Entries supplied:

------

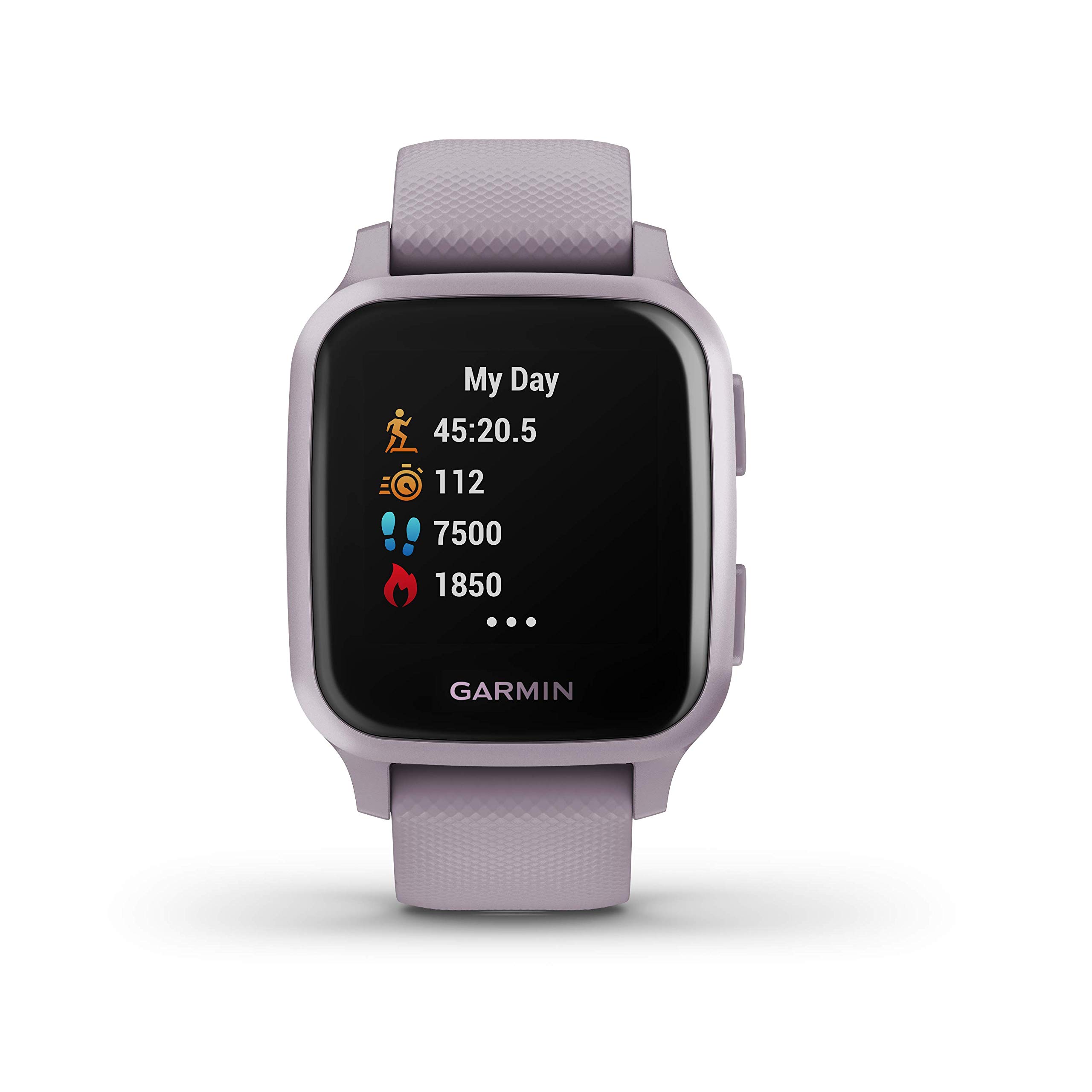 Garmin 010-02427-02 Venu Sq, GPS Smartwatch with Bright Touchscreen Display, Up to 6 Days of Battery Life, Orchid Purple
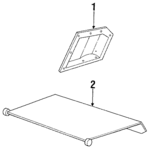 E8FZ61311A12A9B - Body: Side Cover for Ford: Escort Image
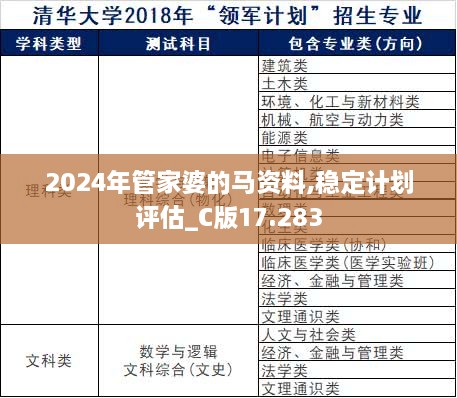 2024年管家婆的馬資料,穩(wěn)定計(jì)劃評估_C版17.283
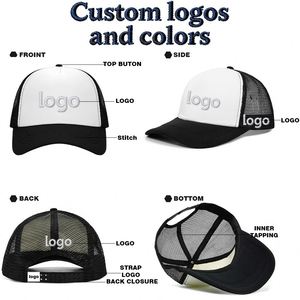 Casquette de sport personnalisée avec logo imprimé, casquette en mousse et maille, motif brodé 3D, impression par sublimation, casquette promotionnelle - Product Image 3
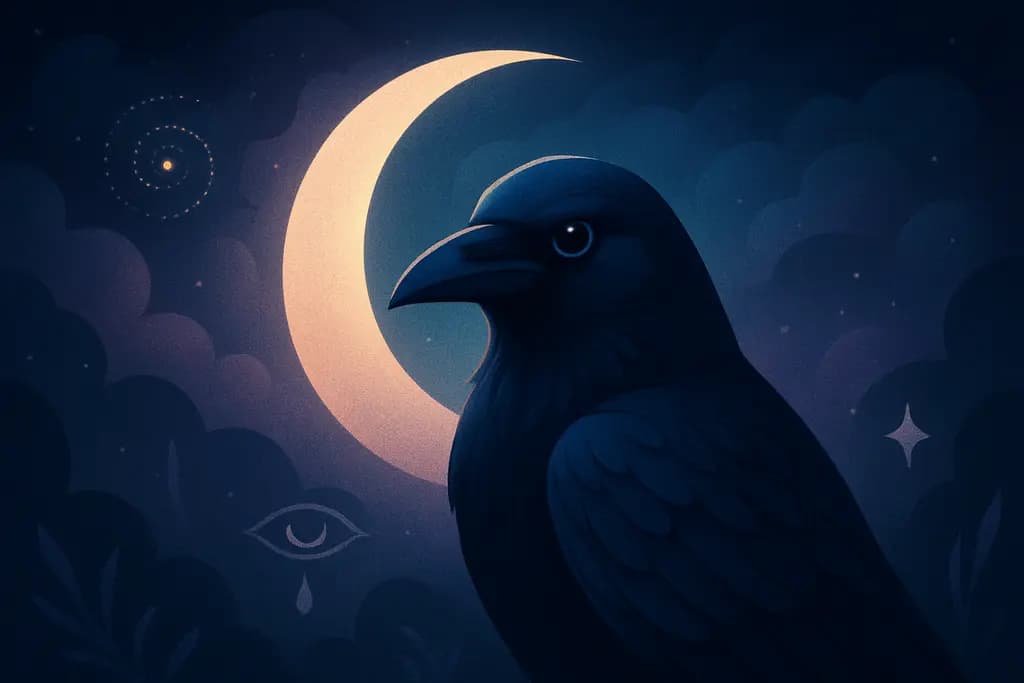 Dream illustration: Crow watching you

------

What you will do: Return only the lines that start at the line containing "Casquette de sport" and finish at the last line of the entries, exactly as written and without pictures.

Exercise answer:
 Casquette de sport personnalisée avec logo imprimé, casquette en mousse et maille, motif brodé 3D, impression par sublimation, casquette promotionnelle - Product Image 3
 Dream illustration: Crow watching you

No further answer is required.